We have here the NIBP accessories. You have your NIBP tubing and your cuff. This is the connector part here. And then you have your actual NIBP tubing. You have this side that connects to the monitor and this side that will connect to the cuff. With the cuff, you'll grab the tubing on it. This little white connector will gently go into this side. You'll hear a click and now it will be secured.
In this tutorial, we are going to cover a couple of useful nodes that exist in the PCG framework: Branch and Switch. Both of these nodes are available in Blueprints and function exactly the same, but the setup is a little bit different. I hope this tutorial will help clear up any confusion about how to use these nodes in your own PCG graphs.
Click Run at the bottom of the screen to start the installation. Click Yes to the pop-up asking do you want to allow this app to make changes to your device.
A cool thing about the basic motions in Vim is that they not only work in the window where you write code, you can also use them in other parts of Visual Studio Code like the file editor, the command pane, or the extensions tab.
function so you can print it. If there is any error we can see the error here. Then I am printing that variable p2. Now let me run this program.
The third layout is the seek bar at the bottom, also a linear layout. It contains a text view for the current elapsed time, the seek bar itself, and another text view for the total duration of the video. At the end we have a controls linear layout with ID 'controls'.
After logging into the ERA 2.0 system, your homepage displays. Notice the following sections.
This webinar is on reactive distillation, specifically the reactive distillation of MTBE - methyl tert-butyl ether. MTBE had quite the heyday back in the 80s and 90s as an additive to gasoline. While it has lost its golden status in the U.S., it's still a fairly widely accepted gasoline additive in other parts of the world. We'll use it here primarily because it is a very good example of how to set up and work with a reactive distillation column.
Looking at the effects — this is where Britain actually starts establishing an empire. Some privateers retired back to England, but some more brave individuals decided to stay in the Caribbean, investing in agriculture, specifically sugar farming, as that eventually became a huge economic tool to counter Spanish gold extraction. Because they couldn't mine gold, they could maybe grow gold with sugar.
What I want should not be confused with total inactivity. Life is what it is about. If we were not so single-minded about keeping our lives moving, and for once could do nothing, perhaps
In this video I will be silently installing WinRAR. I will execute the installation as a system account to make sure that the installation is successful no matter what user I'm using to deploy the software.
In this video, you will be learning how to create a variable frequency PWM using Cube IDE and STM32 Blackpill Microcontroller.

===

→ **Task directions**: The lines above from the one containing "The third layout" through the one containing "Looking at the" are to be set down exactly, and no others.

→ **Answer**:
The third layout is the seek bar at the bottom, also a linear layout. It contains a text view for the current elapsed time, the seek bar itself, and another text view for the total duration of the video. At the end we have a controls linear layout with ID 'controls'.
After logging into the ERA 2.0 system, your homepage displays. Notice the following sections.
This webinar is on reactive distillation, specifically the reactive distillation of MTBE - methyl tert-butyl ether. MTBE had quite the heyday back in the 80s and 90s as an additive to gasoline. While it has lost its golden status in the U.S., it's still a fairly widely accepted gasoline additive in other parts of the world. We'll use it here primarily because it is a very good example of how to set up and work with a reactive distillation column.
Looking at the effects — this is where Britain actually starts establishing an empire. Some privateers retired back to England, but some more brave individuals decided to stay in the Caribbean, investing in agriculture, specifically sugar farming, as that eventually became a huge economic tool to counter Spanish gold extraction. Because they couldn't mine gold, they could maybe grow gold with sugar.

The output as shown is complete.